* Data to use:
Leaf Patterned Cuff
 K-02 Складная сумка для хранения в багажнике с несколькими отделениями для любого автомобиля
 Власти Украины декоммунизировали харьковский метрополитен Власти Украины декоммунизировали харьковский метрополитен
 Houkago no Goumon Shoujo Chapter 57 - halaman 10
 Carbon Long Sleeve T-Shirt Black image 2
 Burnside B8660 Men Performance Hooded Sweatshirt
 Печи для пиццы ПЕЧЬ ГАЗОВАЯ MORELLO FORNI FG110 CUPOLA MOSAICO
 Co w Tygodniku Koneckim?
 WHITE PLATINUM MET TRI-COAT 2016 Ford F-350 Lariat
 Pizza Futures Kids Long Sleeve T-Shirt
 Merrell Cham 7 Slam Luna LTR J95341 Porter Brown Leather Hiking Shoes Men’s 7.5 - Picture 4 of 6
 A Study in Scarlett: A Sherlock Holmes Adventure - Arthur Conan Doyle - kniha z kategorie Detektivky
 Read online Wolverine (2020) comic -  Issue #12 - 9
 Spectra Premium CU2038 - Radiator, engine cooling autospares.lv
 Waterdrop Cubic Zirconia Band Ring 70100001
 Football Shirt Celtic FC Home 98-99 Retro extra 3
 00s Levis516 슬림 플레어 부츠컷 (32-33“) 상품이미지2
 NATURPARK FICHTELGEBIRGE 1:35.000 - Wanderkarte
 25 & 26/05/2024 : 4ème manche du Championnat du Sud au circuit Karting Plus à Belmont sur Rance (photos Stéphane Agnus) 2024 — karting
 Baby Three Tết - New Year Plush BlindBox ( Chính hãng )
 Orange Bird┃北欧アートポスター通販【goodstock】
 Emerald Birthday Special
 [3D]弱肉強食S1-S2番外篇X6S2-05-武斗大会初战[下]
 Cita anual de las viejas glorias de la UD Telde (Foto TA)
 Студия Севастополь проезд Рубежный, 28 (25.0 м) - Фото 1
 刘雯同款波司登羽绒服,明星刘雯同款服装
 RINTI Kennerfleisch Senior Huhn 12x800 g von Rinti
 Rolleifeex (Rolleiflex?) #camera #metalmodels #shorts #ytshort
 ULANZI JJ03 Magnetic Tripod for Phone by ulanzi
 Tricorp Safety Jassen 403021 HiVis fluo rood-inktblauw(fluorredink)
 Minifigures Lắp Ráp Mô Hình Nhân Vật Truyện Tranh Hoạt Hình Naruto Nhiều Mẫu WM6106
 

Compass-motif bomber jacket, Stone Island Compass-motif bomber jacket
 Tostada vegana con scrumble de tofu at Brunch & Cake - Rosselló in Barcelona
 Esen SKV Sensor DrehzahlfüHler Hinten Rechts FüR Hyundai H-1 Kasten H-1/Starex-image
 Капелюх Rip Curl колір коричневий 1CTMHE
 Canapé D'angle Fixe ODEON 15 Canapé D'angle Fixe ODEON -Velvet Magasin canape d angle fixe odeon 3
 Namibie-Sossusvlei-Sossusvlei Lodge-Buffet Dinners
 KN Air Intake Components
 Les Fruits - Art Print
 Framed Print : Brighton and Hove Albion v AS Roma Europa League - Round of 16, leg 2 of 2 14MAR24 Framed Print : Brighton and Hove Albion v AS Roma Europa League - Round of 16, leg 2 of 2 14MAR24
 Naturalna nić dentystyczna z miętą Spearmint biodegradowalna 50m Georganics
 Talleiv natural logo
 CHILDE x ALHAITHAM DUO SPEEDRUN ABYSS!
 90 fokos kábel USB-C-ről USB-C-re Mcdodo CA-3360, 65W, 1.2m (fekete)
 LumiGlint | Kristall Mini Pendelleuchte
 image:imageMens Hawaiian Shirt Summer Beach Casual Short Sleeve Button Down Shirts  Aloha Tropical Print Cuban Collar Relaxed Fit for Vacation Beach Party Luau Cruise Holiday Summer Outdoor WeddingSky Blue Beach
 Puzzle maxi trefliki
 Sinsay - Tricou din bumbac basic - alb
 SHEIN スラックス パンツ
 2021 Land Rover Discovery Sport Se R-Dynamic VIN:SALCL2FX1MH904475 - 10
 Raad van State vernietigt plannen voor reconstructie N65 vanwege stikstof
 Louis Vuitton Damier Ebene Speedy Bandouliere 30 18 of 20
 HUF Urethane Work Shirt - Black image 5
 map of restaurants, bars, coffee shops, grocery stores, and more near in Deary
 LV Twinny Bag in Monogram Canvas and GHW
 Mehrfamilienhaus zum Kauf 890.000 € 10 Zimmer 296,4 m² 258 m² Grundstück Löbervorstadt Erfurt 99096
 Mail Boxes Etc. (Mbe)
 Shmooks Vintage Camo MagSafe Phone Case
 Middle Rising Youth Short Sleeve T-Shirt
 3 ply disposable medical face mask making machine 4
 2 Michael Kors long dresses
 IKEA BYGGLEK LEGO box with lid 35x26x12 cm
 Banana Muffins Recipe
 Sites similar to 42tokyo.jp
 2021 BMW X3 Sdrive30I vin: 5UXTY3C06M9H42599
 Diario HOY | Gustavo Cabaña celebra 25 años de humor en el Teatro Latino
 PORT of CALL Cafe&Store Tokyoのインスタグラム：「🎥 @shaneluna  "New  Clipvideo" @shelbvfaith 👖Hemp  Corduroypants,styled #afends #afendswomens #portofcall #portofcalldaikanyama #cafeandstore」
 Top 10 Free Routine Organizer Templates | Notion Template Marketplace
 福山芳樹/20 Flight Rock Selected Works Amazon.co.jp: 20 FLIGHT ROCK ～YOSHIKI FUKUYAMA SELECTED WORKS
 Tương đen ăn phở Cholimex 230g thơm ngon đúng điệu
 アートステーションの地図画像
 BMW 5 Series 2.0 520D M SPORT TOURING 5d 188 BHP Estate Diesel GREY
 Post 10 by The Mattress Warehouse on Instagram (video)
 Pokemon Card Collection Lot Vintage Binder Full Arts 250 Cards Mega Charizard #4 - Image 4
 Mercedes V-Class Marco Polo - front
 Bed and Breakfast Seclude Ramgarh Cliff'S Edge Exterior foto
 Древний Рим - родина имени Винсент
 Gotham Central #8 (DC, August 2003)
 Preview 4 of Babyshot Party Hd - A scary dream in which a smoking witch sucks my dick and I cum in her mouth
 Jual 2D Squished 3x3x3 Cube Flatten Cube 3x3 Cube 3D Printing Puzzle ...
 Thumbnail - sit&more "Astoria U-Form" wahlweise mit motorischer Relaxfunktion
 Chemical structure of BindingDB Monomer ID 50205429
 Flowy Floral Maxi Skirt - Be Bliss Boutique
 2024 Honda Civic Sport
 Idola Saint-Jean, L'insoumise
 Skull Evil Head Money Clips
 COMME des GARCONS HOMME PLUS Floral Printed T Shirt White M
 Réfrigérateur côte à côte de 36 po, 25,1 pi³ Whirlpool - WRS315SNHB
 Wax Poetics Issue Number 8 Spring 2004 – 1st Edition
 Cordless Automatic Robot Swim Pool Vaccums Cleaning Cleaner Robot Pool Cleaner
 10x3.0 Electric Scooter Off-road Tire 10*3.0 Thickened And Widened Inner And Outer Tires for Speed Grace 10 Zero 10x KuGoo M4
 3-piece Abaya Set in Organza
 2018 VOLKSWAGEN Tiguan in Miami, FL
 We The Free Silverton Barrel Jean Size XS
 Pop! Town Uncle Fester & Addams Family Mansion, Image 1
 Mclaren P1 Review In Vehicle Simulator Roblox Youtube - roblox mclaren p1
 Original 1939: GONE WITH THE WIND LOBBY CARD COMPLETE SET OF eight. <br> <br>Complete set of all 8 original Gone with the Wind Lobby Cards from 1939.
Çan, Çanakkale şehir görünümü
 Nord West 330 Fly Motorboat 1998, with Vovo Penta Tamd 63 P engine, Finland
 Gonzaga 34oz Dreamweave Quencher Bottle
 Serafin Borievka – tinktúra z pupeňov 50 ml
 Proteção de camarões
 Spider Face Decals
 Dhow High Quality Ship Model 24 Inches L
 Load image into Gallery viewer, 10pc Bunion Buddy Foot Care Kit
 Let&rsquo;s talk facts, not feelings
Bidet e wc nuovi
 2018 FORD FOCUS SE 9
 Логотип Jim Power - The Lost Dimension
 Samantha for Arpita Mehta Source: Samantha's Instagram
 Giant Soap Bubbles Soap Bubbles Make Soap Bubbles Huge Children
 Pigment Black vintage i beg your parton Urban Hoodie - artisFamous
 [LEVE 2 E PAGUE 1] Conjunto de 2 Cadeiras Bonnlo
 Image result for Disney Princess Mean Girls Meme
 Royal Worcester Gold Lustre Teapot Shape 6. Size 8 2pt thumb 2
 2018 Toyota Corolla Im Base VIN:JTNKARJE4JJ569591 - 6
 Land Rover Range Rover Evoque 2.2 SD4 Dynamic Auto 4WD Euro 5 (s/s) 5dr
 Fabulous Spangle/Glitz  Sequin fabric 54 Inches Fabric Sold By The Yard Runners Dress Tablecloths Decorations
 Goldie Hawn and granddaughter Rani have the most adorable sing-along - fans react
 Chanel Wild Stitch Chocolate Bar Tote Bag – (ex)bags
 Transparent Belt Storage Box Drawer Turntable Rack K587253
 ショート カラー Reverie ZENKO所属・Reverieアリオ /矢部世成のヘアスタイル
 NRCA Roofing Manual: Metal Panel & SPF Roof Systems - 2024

* Exercise prompt:
Both the first line of the records above and the line containing "Cita anual de" are to be transcribed exactly, together with every line between them, and nothing else.

* Output of the exercise:
Leaf Patterned Cuff
 K-02 Складная сумка для хранения в багажнике с несколькими отделениями для любого автомобиля
 Власти Украины декоммунизировали харьковский метрополитен Власти Украины декоммунизировали харьковский метрополитен
 Houkago no Goumon Shoujo Chapter 57 - halaman 10
 Carbon Long Sleeve T-Shirt Black image 2
 Burnside B8660 Men Performance Hooded Sweatshirt
 Печи для пиццы ПЕЧЬ ГАЗОВАЯ MORELLO FORNI FG110 CUPOLA MOSAICO
 Co w Tygodniku Koneckim?
 WHITE PLATINUM MET TRI-COAT 2016 Ford F-350 Lariat
 Pizza Futures Kids Long Sleeve T-Shirt
 Merrell Cham 7 Slam Luna LTR J95341 Porter Brown Leather Hiking Shoes Men’s 7.5 - Picture 4 of 6
 A Study in Scarlett: A Sherlock Holmes Adventure - Arthur Conan Doyle - kniha z kategorie Detektivky
 Read online Wolverine (2020) comic -  Issue #12 - 9
 Spectra Premium CU2038 - Radiator, engine cooling autospares.lv
 Waterdrop Cubic Zirconia Band Ring 70100001
 Football Shirt Celtic FC Home 98-99 Retro extra 3
 00s Levis516 슬림 플레어 부츠컷 (32-33“) 상품이미지2
 NATURPARK FICHTELGEBIRGE 1:35.000 - Wanderkarte
 25 & 26/05/2024 : 4ème manche du Championnat du Sud au circuit Karting Plus à Belmont sur Rance (photos Stéphane Agnus) 2024 — karting
 Baby Three Tết - New Year Plush BlindBox ( Chính hãng )
 Orange Bird┃北欧アートポスター通販【goodstock】
 Emerald Birthday Special
 [3D]弱肉強食S1-S2番外篇X6S2-05-武斗大会初战[下]
 Cita anual de las viejas glorias de la UD Telde (Foto TA)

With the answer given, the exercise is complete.